Wie endete Napoleons großer Krieg gegen Russland?

Am 24. Juni 1812 überschritt Napoleon mit seiner Großen Armee den Grenzfluss zu Russland, die Memel. Zunächst erzielte die Grande Armée etliche Erfolge und Napoleon konnte nach zwei Monaten sogar Moskau, die Hauptstadt Russlands, besetzen.

 Doch der Krieg war damit nicht gewonnen, denn Russland ist ein riesiges Land. Es ist so groß, dass der Zar (= Kaiser von Russland) und seine Regierung Moskau verlassen und an anderer Stelle ungestört weiterregieren konnten.

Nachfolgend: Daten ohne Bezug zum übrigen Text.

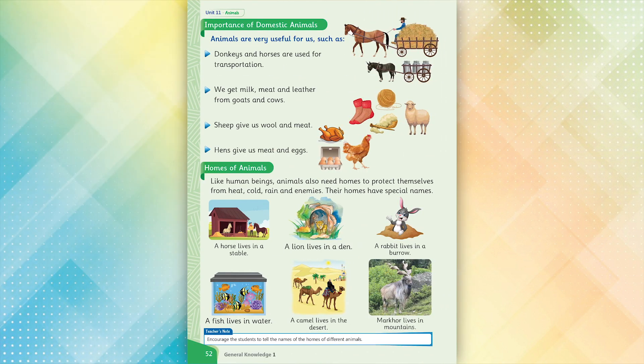Importance of domestic animals. Animals are very useful for us. Donkeys and horses are used for transportation. We get milk, meat and leather from goats and cows. Sheep give us wool and meat. Hens give us meat and eggs.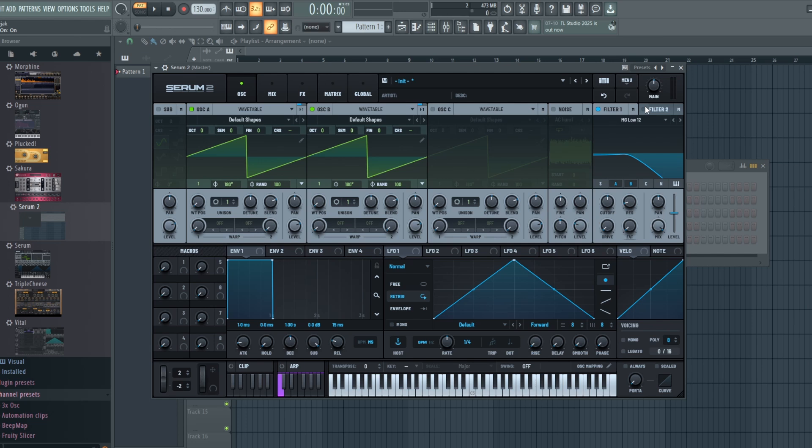Hey everyone, it's Synth Designer back again with another video. Today we are continuing our series on Serum 2: The Complete Guide, and we'll be looking at filters and envelopes. Now the biggest change to Serum 2 with its filters and envelopes is that we now have the option for two filters here.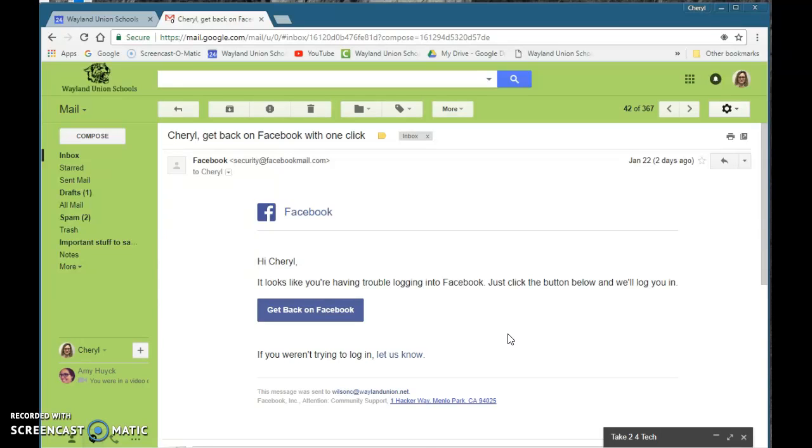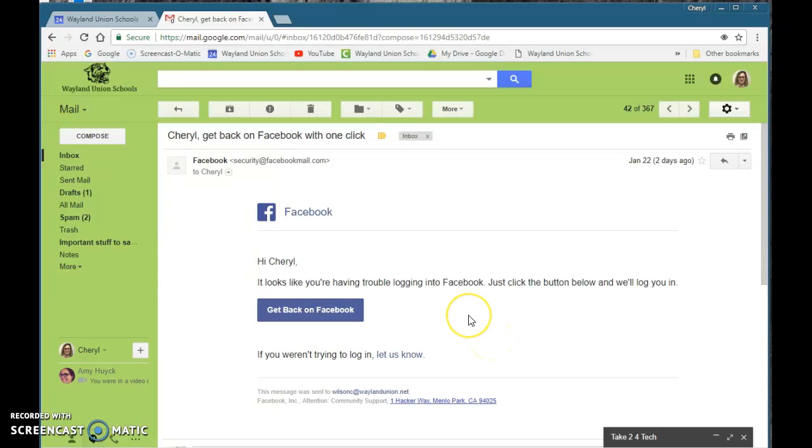I don't know—'hacker way' sounds a little crazy to me, but they may have that for their address. Just be suspicious when you get emails like this and make sure your accounts are safe and not in the hands of other people. Hopefully this Take Two for Tech keeps you safe today.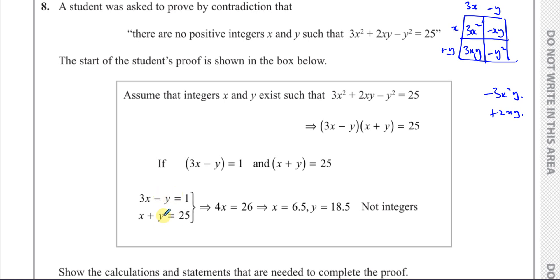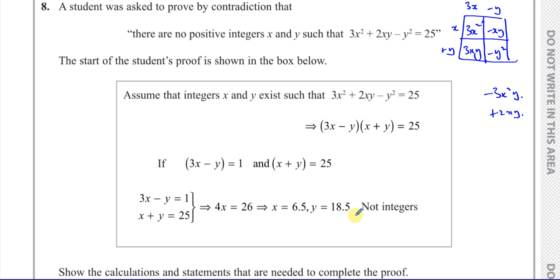When you solve these two equations simultaneously by adding them together, you get 4x = 26, so x = 6.5. Then y = 25 − 6.5 = 18.5. So therefore, we can see that both x and y are not integers. We have proved for this particular combination that x and y are not integers, even though we assumed that they are integers.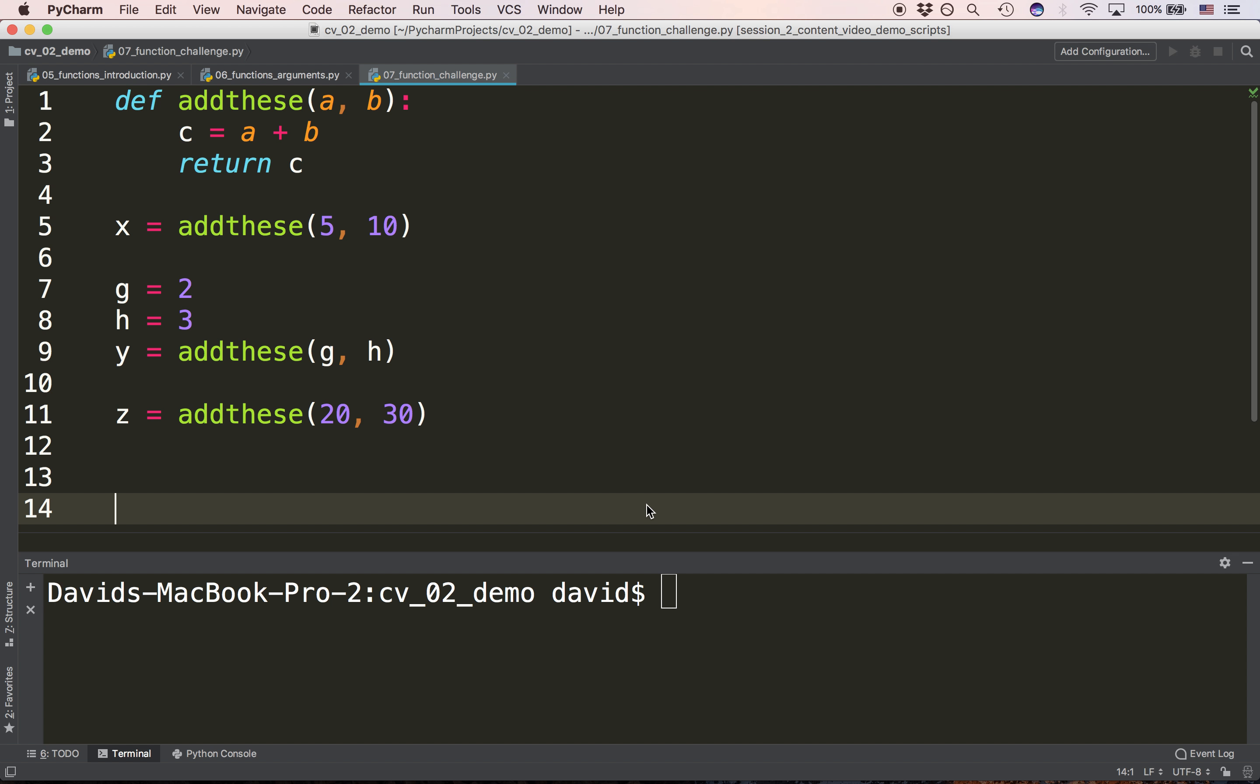Why? Because when we pass 20 and 30 to addthese, a becomes 20, b becomes 30, c becomes 50, we're returning 50, and we're assigning 50 to z.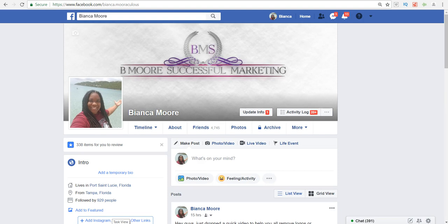Hey, what's going on everyone, it's Bianca Moore with Be More Successful Marketing. In this video, I'm going to show you how to fulfill Shopify orders with Dropified.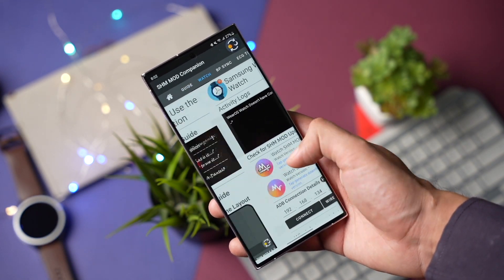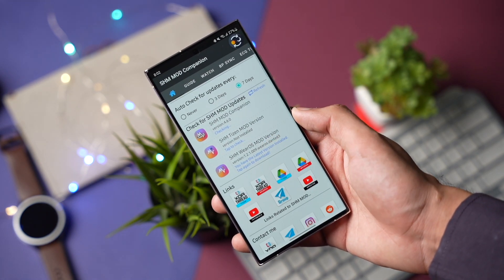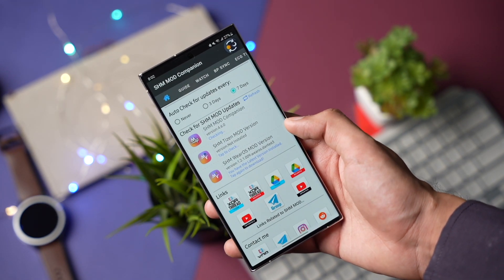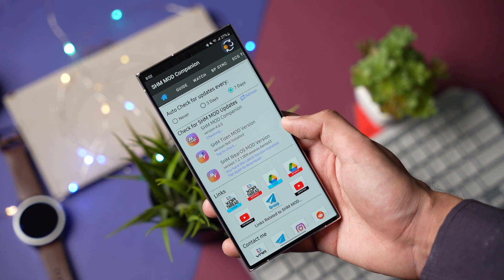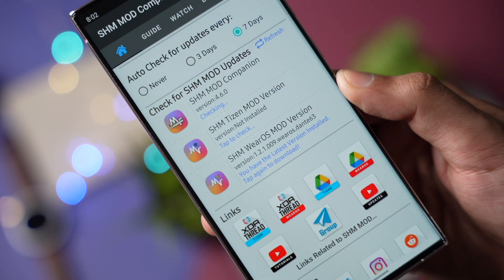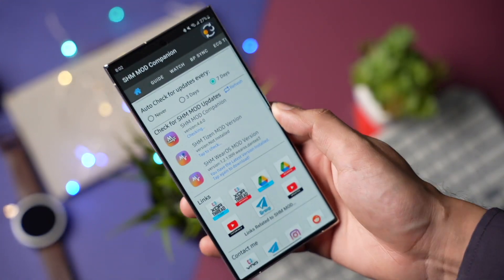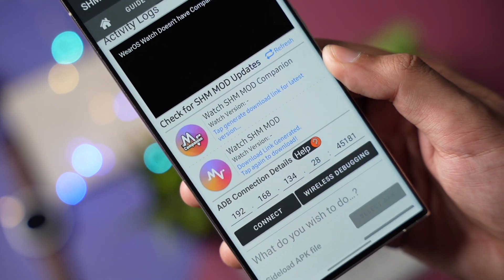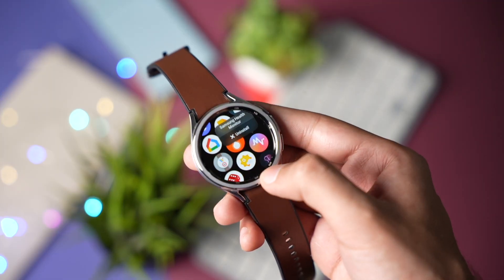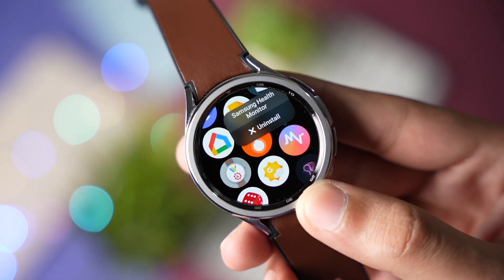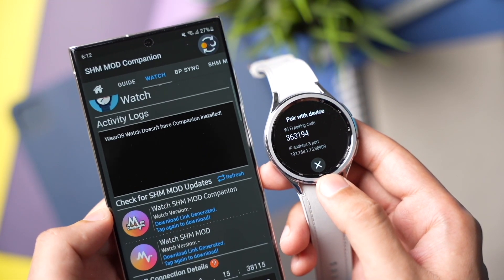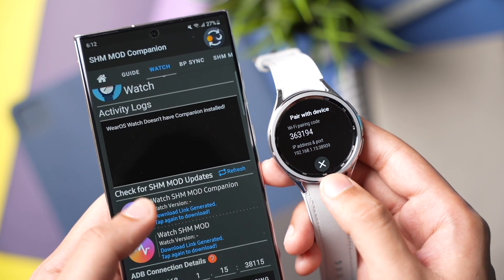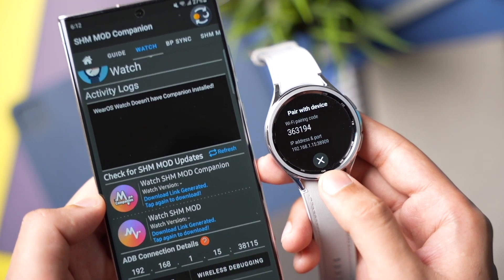You can download them using Dante's SHM mod companion app. Under the home section, first you have to download the phone app and update it to the latest version — right now that's version 1.2.1.0009. In the same way, download the watch SHM app and install it on your watch. If you already have the SHM app installed, you can just install this to get the latest version. Check the link in the description for a step-by-step guide on how to install the mod SHM app on your Galaxy Watch.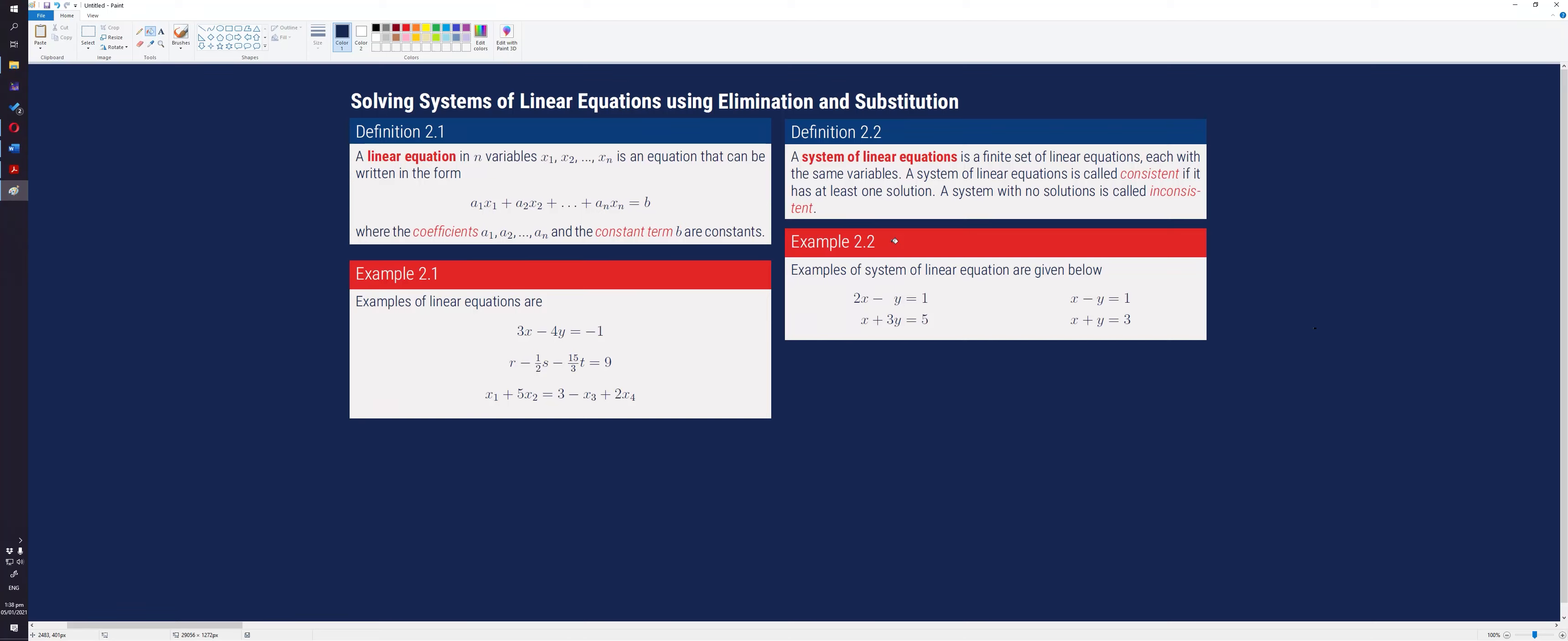In this video, we will discuss systems of linear equations and how to solve them using elimination and substitution.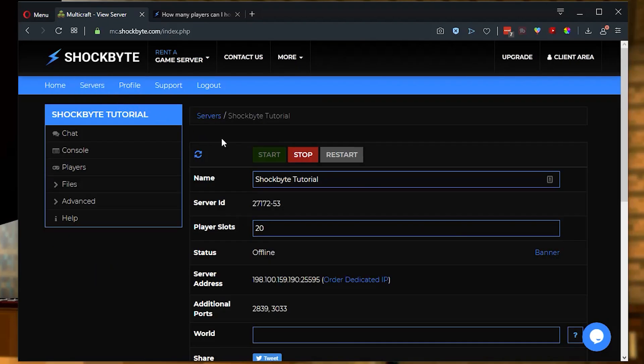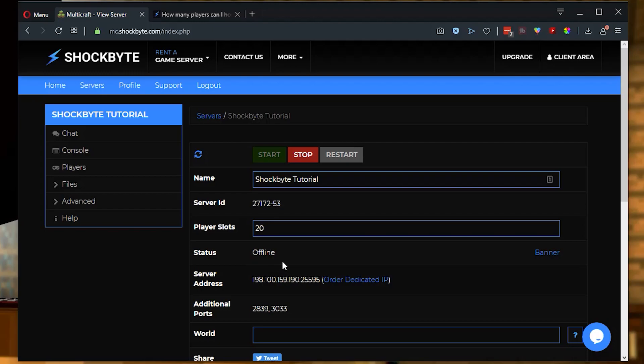Once you've selected your server, you should see some options that look a bit like this. Now before we change any of the server properties, we're going to want to do a couple of quick things to make sure that there are no problems on the server. First off, you're going to want to let your players know that you're going to take the server offline temporarily, so that none of them are shocked that they can't get onto your server.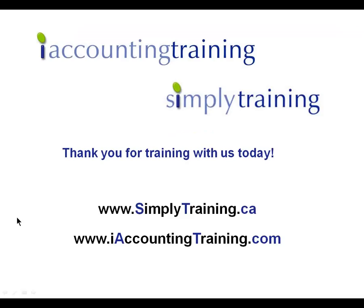This concludes the presentation on how to record general journal transactions in Sage Simply Accounting. We hope this video has provided you with relevant how-to information. Please take the time to visit our website iaccountingtraining.com or simplytraining.ca for information on complete courses on the Sage Simply Accounting Program and other relevant accounting training. Thank you and take care.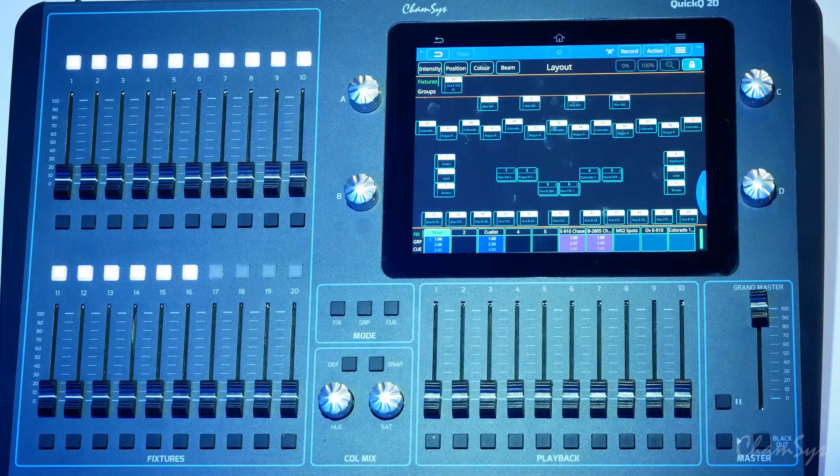In this video we're going to take a look at some of the brand new features in our QuickQ version 8.01 beta software. This includes enhancements to effects control, enhancements to our RDM, audio file play, intensity control and control of our visualizer as well. Let's take a look at this.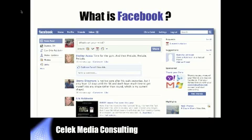One of the questions I'm always asked is: why should we use Facebook? Isn't it just for kids? And the answer is absolutely no. It is a place where Rotary Clubs can reach the people who we are looking to attract.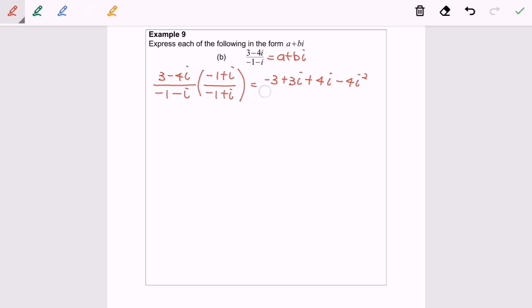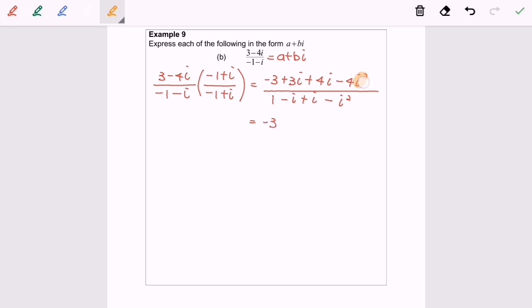Now expanding the bottom part, we have 1 minus i plus i minus i squared. Simplifying the numerator: negative 3 plus 4 becomes positive, giving us 1 plus 7i.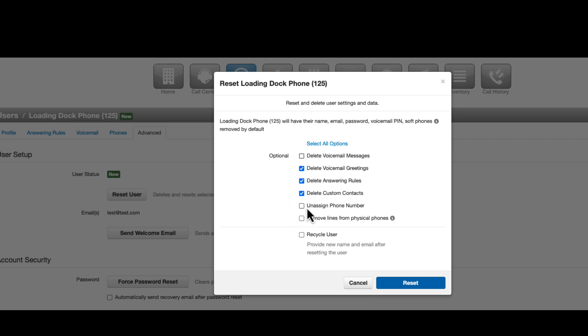Select Unassign Phone Number if the user has a direct phone number assigned to them.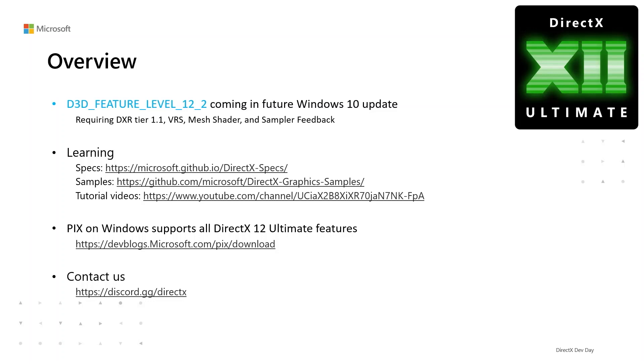When you're coding, PIX on Windows will be available to you, supporting all DirectX 12 Ultimate features. Be sure to go to the download page to get the latest version.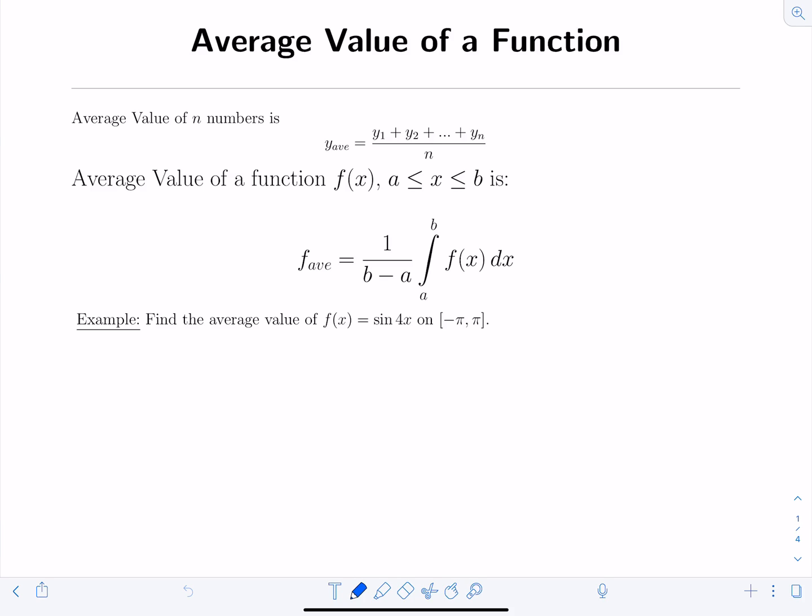In this video, we're going to look at how to compute the average value of a function as well as the mean value theorem for integrals. To recap what an average is, if you're trying to find the mean or average value of n numbers, you take their sum and divide by n. Similarly, for a function f of x on an interval from a to b, the average value is the integral from a to b of f of x divided by the length of the interval, 1 over b minus a.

Auch die russische Armee zog sich unerreichbar für Napoleon in das weite Land zurück und verweigerte eine große Entscheidungsschlacht.

► Außerdem klappte in Russland nicht Napoleons üblicher Plan, dass die Bevölkerung der eroberten Gebiete dazu gezwungen werden konnte, die Grande Armée zu ernähren. Die Russen vernichteten in den besetzten Gebieten planmäßig ihre Ernten, so dass Napoleon nur verbrannte Erde erobern konnte. Die Soldaten der Grande Armée litten daher unter Hunger und Krankheiten.

Im Oktober 1812 musste Napoleon den Rückzug antreten, denn:

der in Russland sehr kalte Winter rückte (bis -40ºC) näher.

die Grande Armée konnte in Russland nicht versorgt werden.

der Krieg konnte nicht beendet werden, da der Zar Verhandlungen oder eine Entscheidungsschlacht verweigerte.

Der lange Rückzug verwandelte sich durch Schnee, Kälte, Hunger, Krankheiten und ständige Angriffe der russischen Armee in eine Katastrophe. Von ursprünglich über 400.000 napoleonischen Soldaten erreichten nur 18.000 (!) im Dezember 1812 wieder den Grenzfluss Memel. Napoleon war schon vorher nach Paris geflohen, um eine neue Armee aufzustellen.

Napoleon auf dem Rückzug in Russland. Quelle: Klexikon – Creative Commons


Was war die Folge?

Die verheerende Niederlage Napoleons in Russland führte in Europa ab 1813 zu den Befreiungskriegen gegen die französische Herrschaft. Im Jahre 1815 wurde Napoleon endgültig besiegt. 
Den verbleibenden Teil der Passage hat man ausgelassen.